Once again we find ourselves at a crossroad. We don’t know where to turn, but we have a strong sense that we must alter course if we are to survive and grow as a nation. We are convinced that if we allow our current crop of politicians to continue governing the country, we are doomed to go around in circles. We have a vague idea of the kind of leaders we need: they must be firm, inspiring, and trustworthy. But we are not sure who among our remaining leaders we can still trust.
The degrading poverty of the majority of our people remains our most daunting problem. Our historic failure to solve it has meant the waste of so much human capital. It has broken the spirit of our young people, who, increasingly, are unable to look at their nation’s heritage with pride, or to imagine investing their lives in its future. We search our minds and hearts for any explanation for this failure. And always we arrive at one conclusion – the lack of a visionary and selfless leadership.
This insight is basically correct, but it does not give a complete picture. It overlooks the fact that there have been leaders of great integrity and capability in every generation. It glosses over the system that actively co-opts or excludes the visionary rebels among them, usually portraying them as enemies or fools, and installing them as heroes when they are safely dead.
Even now, it is not difficult to find many good leaders at every level of our society. But in their youth they are typically broken until they learn to bow to the imperatives of the system. Subdued, they often become its cynical apologists. So it is important, when we ask for new leaders, to remember to also ask for new structures, new values, and new practices.
The routines and forms of government are probably the easiest to change. The change may be done by executive order, by legislation, or by constitutional revision. Far more resistant to change, however, are the basic structures that determine the distribution of wealth and power across society’s classes and groups. The operation of these structures is carefully masked in everyday life, or explained away as an aspect of the natural order of things. Access to wealth is the most contested part of social life, the final object of all politics.
Shifting from presidential to a parliamentary system, or from a unitary to a federal government, is nothing more than cosmetic change unless there is also substantive alteration in the distribution of economic resources, and in the nature and basis of state power. The present system, to state the obvious, remains in the hands of a small oligarchy, whose chronic inability to develop a robust economy and alleviate mass poverty is at the root of its recurrent crisis.
The economy’s weakness is visible in its almost total dependence on the remittances of overseas workers. The country’s agricultural base where the majority of our people still work and live is a picture of stagnation and neglect. Manufacturing has progressively contracted over the years. The remaining vibrant sector, services, thrives mainly on the resources made available by our overseas workers.

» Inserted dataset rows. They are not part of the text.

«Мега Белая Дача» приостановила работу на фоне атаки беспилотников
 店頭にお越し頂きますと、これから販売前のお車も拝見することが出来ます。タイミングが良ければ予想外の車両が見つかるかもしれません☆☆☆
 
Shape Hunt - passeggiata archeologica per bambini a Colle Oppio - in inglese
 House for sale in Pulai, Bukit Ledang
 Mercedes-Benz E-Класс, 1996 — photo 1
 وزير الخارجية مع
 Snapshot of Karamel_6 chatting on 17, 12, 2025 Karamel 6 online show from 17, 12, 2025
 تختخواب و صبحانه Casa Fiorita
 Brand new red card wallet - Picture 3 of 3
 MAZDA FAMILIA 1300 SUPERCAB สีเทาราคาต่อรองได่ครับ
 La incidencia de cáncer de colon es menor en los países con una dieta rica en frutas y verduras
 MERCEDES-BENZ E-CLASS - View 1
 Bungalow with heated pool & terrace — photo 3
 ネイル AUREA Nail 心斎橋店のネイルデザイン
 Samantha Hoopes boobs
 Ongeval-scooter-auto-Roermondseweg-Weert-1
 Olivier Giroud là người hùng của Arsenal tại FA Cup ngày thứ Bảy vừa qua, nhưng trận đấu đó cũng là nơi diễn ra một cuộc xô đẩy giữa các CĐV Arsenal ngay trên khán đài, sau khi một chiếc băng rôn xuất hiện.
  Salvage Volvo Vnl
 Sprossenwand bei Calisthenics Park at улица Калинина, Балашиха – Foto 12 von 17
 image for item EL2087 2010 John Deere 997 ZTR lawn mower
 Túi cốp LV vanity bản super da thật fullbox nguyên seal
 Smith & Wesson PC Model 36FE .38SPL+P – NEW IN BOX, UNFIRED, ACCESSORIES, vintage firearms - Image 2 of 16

But the most significant index of the present system’s bankruptcy is the gigantic debt burden that successive administrations have passed on to the Filipino people. The debt service constitutes the single largest component of the national budget. The senselessness of this burden is best exemplified by the Bataan Nuclear Power Plant, a facility that Filipinos have been paying for since 1986 even if it has not produced a single kilowatt of electricity.
Our problem clearly is not just Gloria Macapagal Arroyo. It is the whole country’s political leadership. It is not just corruption, patronage politics, or electoral fraud; or smuggling, jueteng, and illegal logging. It is the entire system. It is not just the high population growth. It is the whole way of life that the poor have been forced to invent in order to deal with the pressures of unmitigated want.
We have not been lacking in people who tell us that the system itself must change as a precondition for solving our most pressing problems. However, it is doubtful if such people will ever be elected into office under the existing rules of the game. Yet ironically, the three extra-constitutional episodes in the nation’s recent past – Martial Law in 1972, Edsa I in 1986, and Edsa II in 2001 — have only nurtured in our people a distrust for political upheavals. This defensive conservatism is what is propping up the dysfunctional government of Ms. Arroyo.
In the presidential elections of 2004, the upper and middle classes turned a blind eye to the massive cheating and gross misuse of public funds that attended the election of Ms. Arroyo. They suspended their values and lowered their ideals in the belief that the alternative to her presidency would be worse. Their fear of chaos has made them politically quiescent.
I personally do not think that anyone needs to worry about a catastrophic breakdown of public order. What I find disturbing is the corrosive mood of surrender that is spreading among our people. Many are simply giving up and moving out. How to reverse this tide of demoralization is the challenge of leadership in our time. The country awaits leaders who can still mobilize trust, and instill hope in our people by offering them a roadmap to viable social reform and a vision of a future that is worth fighting for.